5. A rotating envelope x-ray tube as claimed in claim 1 wherein said interior structure comprises a plurality of fixed structural elements with voids disposed between said plurality of fixed structural elements.

6. A rotating envelope x-ray tube as claimed in claim 5 wherein said plurality of structural elements are arranged in a regular pattern in a circumferential direction of said housing.

7. A rotating envelope x-ray tube as claimed in claim 5 wherein said plurality of structural elements is N, and wherein T/N <<1/f, wherein T is a rotation duration for one rotation of said rotating envelope x-ray tube and f is an image data readout rate for a detector on which said x-ray radiation is incident.

8. A rotating envelope x-ray tube as claimed in claim 1 wherein said interior structure is formed of a material comprising a plurality of communicating pores.

9. A rotating envelope x-ray tube as claimed in claim 1 wherein said x-ray exit window comprises a window body containing a plurality of channels, forming said interior structure.

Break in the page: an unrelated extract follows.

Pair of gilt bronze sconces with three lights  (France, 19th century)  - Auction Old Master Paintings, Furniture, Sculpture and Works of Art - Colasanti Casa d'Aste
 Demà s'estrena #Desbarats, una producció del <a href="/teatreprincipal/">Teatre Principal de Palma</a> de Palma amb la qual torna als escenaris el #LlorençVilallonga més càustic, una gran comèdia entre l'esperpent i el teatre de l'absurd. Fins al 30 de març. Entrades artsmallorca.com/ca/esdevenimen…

10. A rotating envelope x-ray tube as claimed in claim 9 wherein said housing has a rotational axis around which said housing rotates, and wherein said channels are disposed substantially parallel to said rotational axis.

11. A rotating envelope x-ray tube as claimed in claim 1 wherein said x-ray exit window forms an annular segment of said housing.

12. A rotating envelope x-ray tube as claimed in claim 1 wherein said x-ray exit window is comprised of a material selected from the group consisting of SiSiC, SSiC, LP:SiC, Al, Mg, Ti, SiC, Al₂O₃, AlN, Si₃N₄.